Auf der Fahrt zum Feuerwehrhaus hatte Arne Seifert, Kommandant und Kreisbrandmeister aus Haar (Kreis München), nach der Alarmierung im Radio von der Geisterfahrermeldung gehört. „Da war mir klar, das könnte im Zusammenhang mit dem Einsatz stehen.“ Zuvor war aus dem Audi des Güterslohers nach dem Aufprall ein automatisierter Notruf an die Leitstelle herausgegangen. Dieses System ist in neueren Fahrzeugen verbaut. Dabei kann die Leitstelle mit dem Insassen eine Sprachverbindung aufnehmen. Doch in diesem Fall reagierte niemand mehr.

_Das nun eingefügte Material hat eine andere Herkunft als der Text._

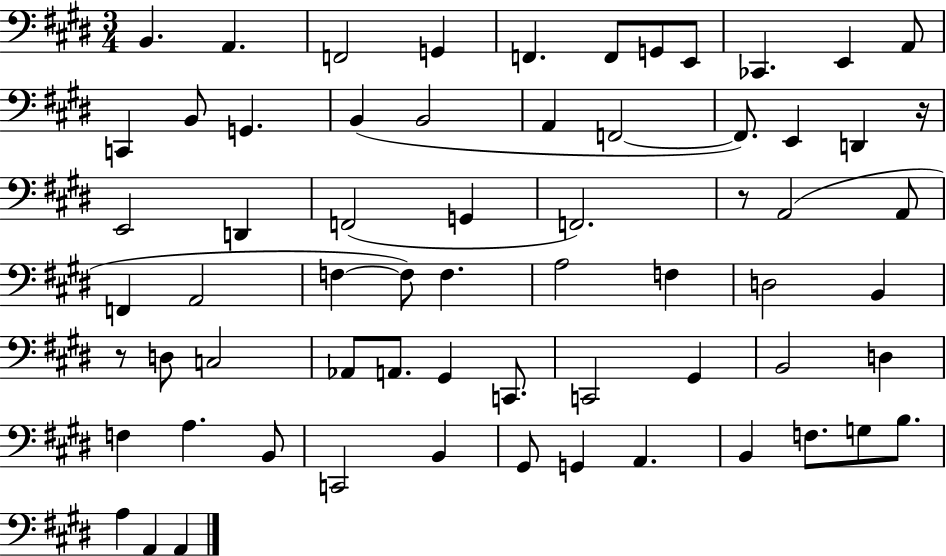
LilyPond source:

Viktoria Nowak und Bianca Großberg sitzen in einem der ersten Autos, die an den Unfallort kommen. Ihr Auto rollt noch über Trümmer und hat einen Platten. „Wir haben auch sofort gedacht: Oh Gott, das ist bestimmt auch nicht gut ausgegangen“, erzählt Nowak. Instinktiv steigt sie aus, um Hilfe zu leisten. „Als wir hingehen wollten, waren dort schon genug Leute, die helfen wollten.“ Bianca Großberg ist klar, dass sie und ihre Freundin unglaubliches Glück hatten: „Ich glaube, wir müssen unseren Schutzengeln danken, dass wir ein paar Minuten zu spät waren und es nicht uns passiert ist.“
Sowohl Augenzeugen als auch das Rettungspersonal wurden vor Ort in einem Bus psychologisch bereut. Michael Graf, Pressesprecher des Polizeipräsidiums Oberbayern Nord, erklärt: „Es ist emotional höchst belastend, wenn man so ein schreckliches Ereignis bearbeiten und verarbeiten muss.“ Die vier Leichen werden nun obduziert. Dabei wird untersucht, ob der Unfallverursacher unter Alkohol oder Drogen stand. Bisher gibt es keine Anzeichen dafür.
Der Hohenbrunner Unfall war ein besonders dramatischer, aber beileibe nicht der einzige Geisterfahrerunfall. Statistisch gesehen steigt das Risiko auf den Autobahnen. 2019 wurden in Bayern 335 Falschfahrer gemeldet, im Jahr zuvor waren es 285. In 14 Fällen kam es zu Unfällen, wobei 19 Personen verletzt, vier getötet wurden. Gut 20 Prozent der Falschfahrer wurden von der Polizei gestellt. 51 waren Männer, 21 Frauen. Nur drei Geisterfahrer waren unter 25 Jahre alt. Senioren über 70 waren 32 Mal auf die Gegenfahrbahn geraten.